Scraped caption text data
----------

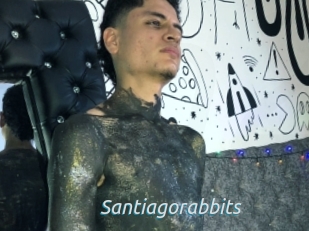 Santiagorabbits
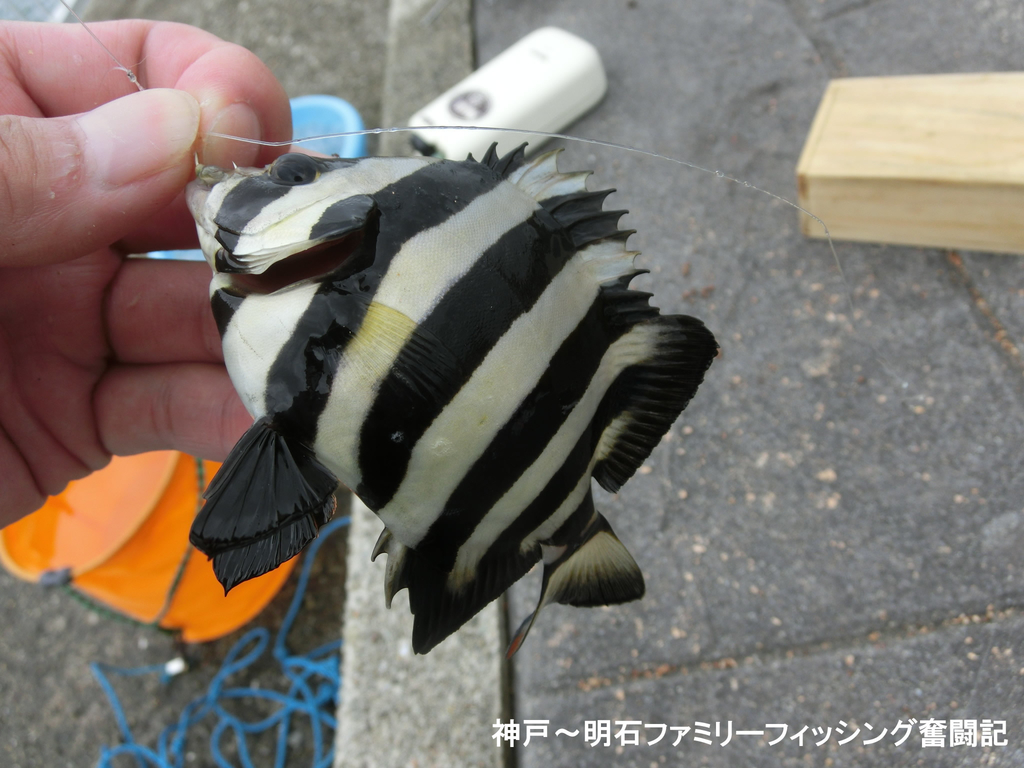 f:id:yggxq957:20180916200955j:plain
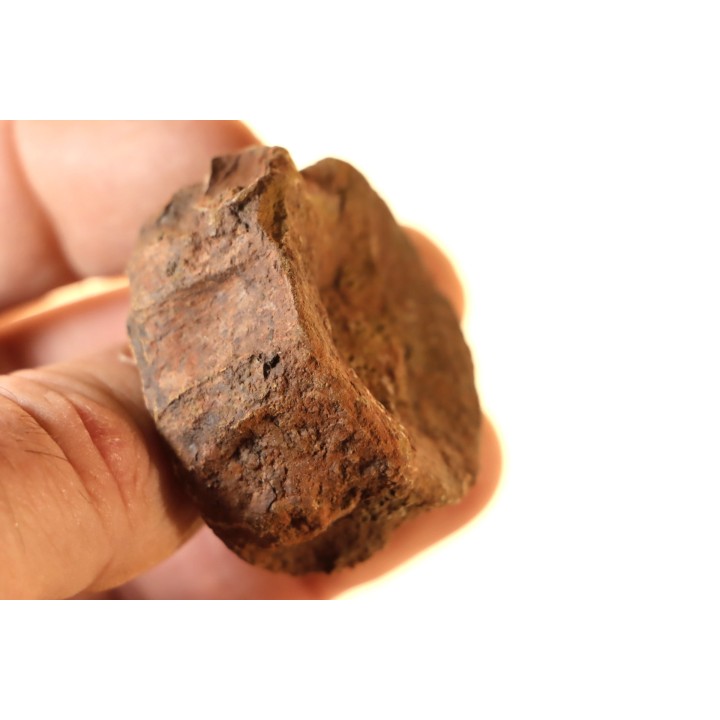 ichthyosaur vertebra : Stenopterygius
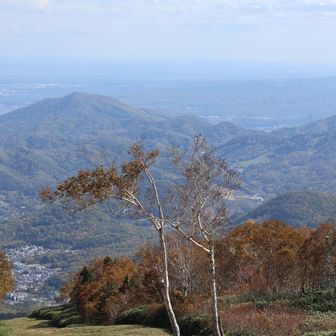 紅葉の綺麗さが写真ではイマイチ！😰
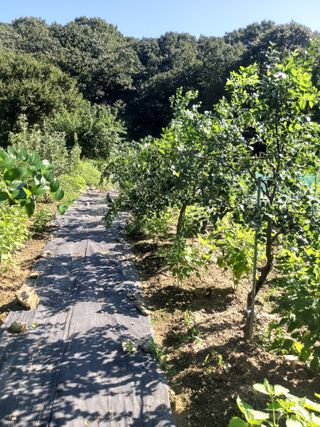 대대리농부님의 기타작물 · 영농일지 작성글 사진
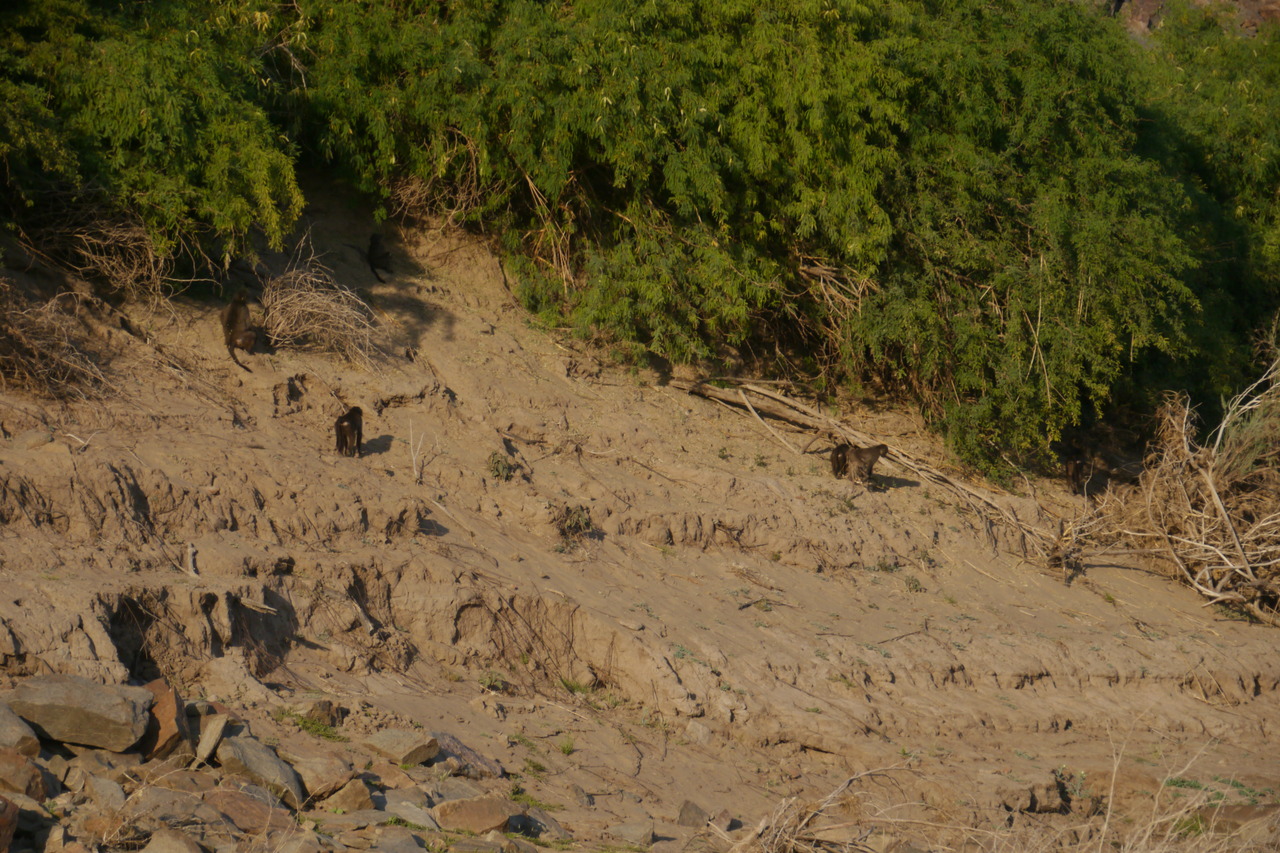 Bavianen op ochtendronde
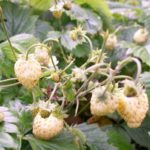  Garden strawberry Yellow miracle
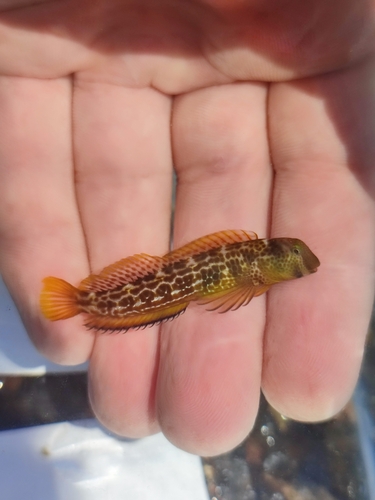 Caneva's Blenny, Ελλάδα, photo 8 of 10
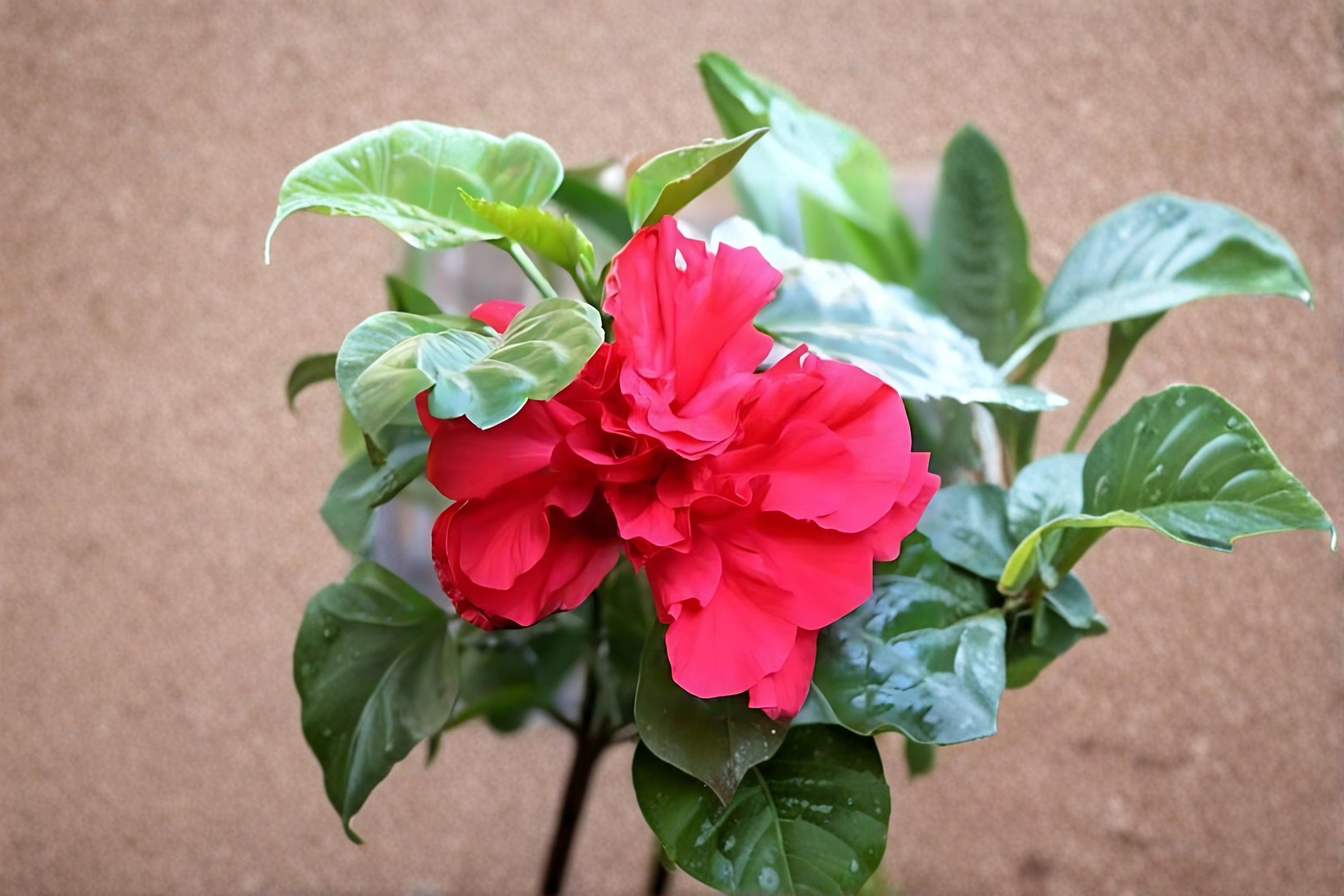 Red Rose of Sharon 2 Plants ~2 ft Tall (Hibiscus syriacus) Althea Shrub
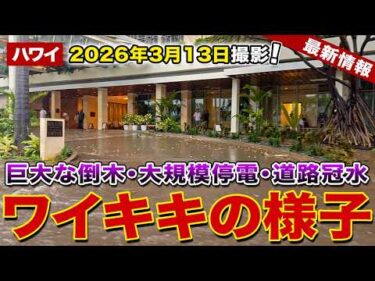 【ハワイ速報】嵐がワイキキを直撃！道路は冠水し巨大な倒木も。停電で消えた信号機…今のリアルな姿をお届けします【ハワイ最新情報】【ハワイの今】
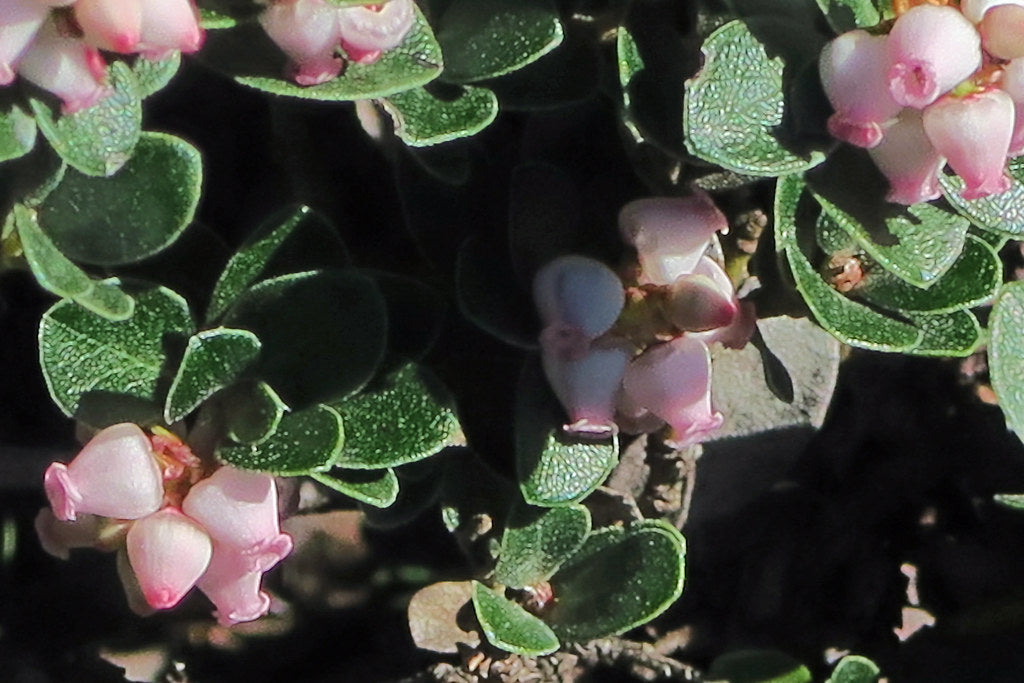 "J20170314-0079—Arctostaphylos uva-ursi var marinensis—RPBG" by John Rusk is licensed under CC BY 2.0.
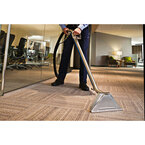 Professional Carpet Cleaning Brighton - Brighton, VIC, Australia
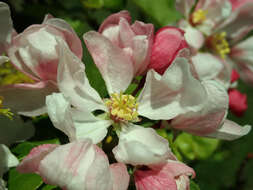 Image de Malus micromalus Makino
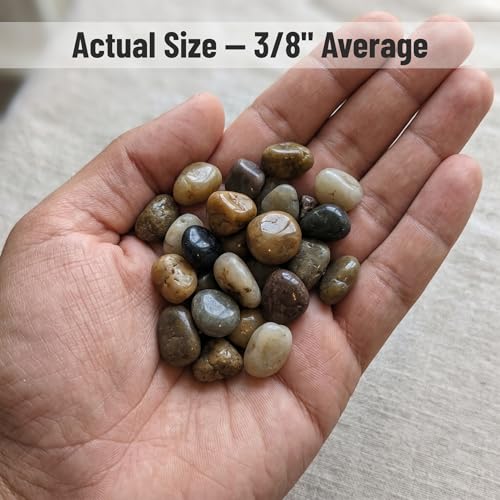Midwest Hearth Decorative Mixed Pebbles for Plants & Terrariums | Polished Natural Stones | 3/8" Size (5-lb Bag)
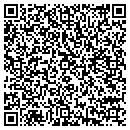 QR code with Ppd Pharmaco contacts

----------

__PROMPT__
The answer must be the full set of records, repeated exactly, with no pictures.

__EXERCISE ANSWER__
 Santiagorabbits
 f:id:yggxq957:20180916200955j:plain
 ichthyosaur vertebra : Stenopterygius
 紅葉の綺麗さが写真ではイマイチ！😰
 대대리농부님의 기타작물 · 영농일지 작성글 사진
 Bavianen op ochtendronde
  Garden strawberry Yellow miracle
 Caneva's Blenny, Ελλάδα, photo 8 of 10
 Red Rose of Sharon 2 Plants ~2 ft Tall (Hibiscus syriacus) Althea Shrub
 【ハワイ速報】嵐がワイキキを直撃！道路は冠水し巨大な倒木も。停電で消えた信号機…今のリアルな姿をお届けします【ハワイ最新情報】【ハワイの今】
 "J20170314-0079—Arctostaphylos uva-ursi var marinensis—RPBG" by John Rusk is licensed under CC BY 2.0.
 Professional Carpet Cleaning Brighton - Brighton, VIC, Australia
 Image de Malus micromalus Makino
Midwest Hearth Decorative Mixed Pebbles for Plants & Terrariums | Polished Natural Stones | 3/8" Size (5-lb Bag)
 QR code with Ppd Pharmaco contacts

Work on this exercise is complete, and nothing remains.